Operação contra tráfico em Curitiba prende 11 e termina com um morto

Ação mira organização criminosa com base no bairro Parolin


Onze pessoas foram presas e um suspeito morreu em confronto armado durante uma operação deflagrada nas primeiras horas desta sexta-feira (24) contra uma organização criminosa investigada por tráfico de drogas, homicídios e lavagem de dinheiro em Curitiba.

A ofensiva tem como principal alvo um grupo com atuação consolidada no bairro Parolin, na capital paranaense.
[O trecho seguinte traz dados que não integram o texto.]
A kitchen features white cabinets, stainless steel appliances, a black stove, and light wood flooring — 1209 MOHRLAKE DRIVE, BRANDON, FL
Os mandados também foram cumpridos em Itapema (SC) e Maceió (AL), com apoio das polícias civis e militares locais.

Ao todo, foram expedidos 13 mandados de prisão preventiva, 15 mandados de busca e apreensão domiciliar e 13 ordens de bloqueio e sequestro de ativos financeiros. A ação mobilizou cerca de 150 policiais, além do apoio de helicópteros e cães farejadores.

Durante a operação, também foram apreendidos uma pistola Glock calibre 9mm, oito veículos, R$ 17.313 em espécie e 149 dólares.
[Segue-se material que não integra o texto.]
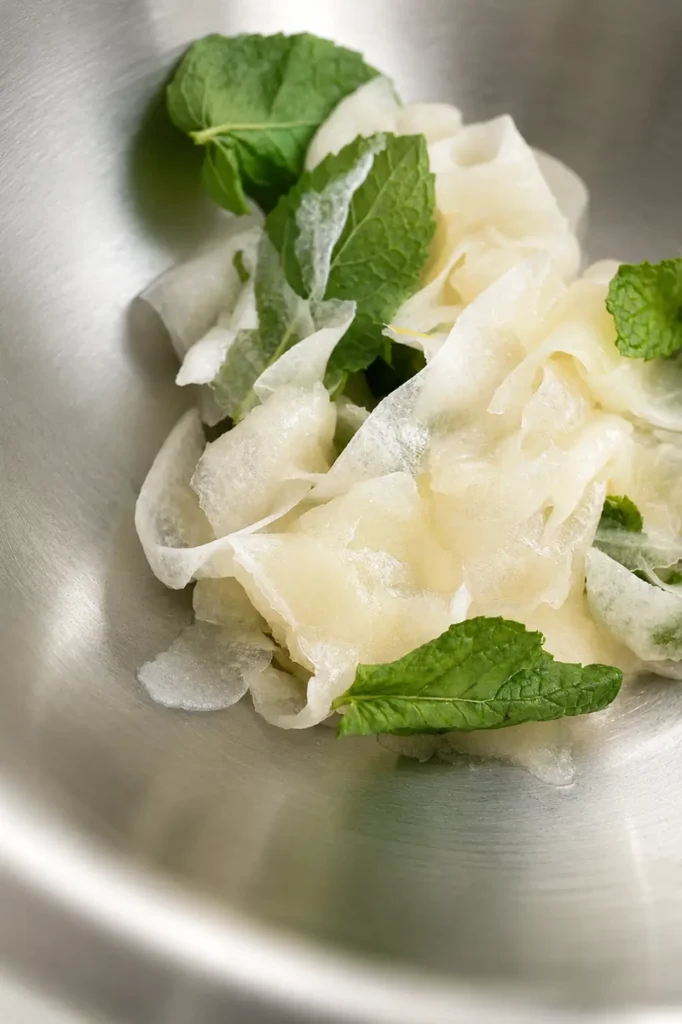 Cantaloupe salad preparation with shaved melon and mint leaves viewed from above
Segundo as investigações, iniciadas em junho de 2025, o grupo assumiu o controle territorial do bairro Parolin após um confronto armado com uma organização rival e passou a utilizar residências da região como depósitos de armas e drogas, além de esconderijos operacionais.

A Polícia Civil apurou que a liderança era exercida à distância por dois integrantes que conseguiram transferência do cumprimento de pena para Maceió, em Alagoas, onde continuavam coordenando o tráfico.

"O afastamento geográfico serviu como um escudo para que coordenassem o narcotráfico remotamente e em liberdade, delegando o gerenciamento tático diário no bairro Parolin a outro integrante da organização", destacou o delegado Ricardo Casanova.

Além do tráfico, o grupo também é investigado por homicídios em Curitiba e região metropolitana, incluindo a execução de um líder de facção rival e do filho dele, registrada em março deste ano em Almirante Tamandaré.

As investigações também apontaram um sofisticado esquema de lavagem de dinheiro, com uso de familiares, empresas de fachada e depósitos fracionados para ocultar a origem ilícita dos recursos. A polícia já havia localizado anteriormente uma "casa cofre" ligada ao grupo, onde foram apreendidos quase R$ 500 mil em dinheiro vivo.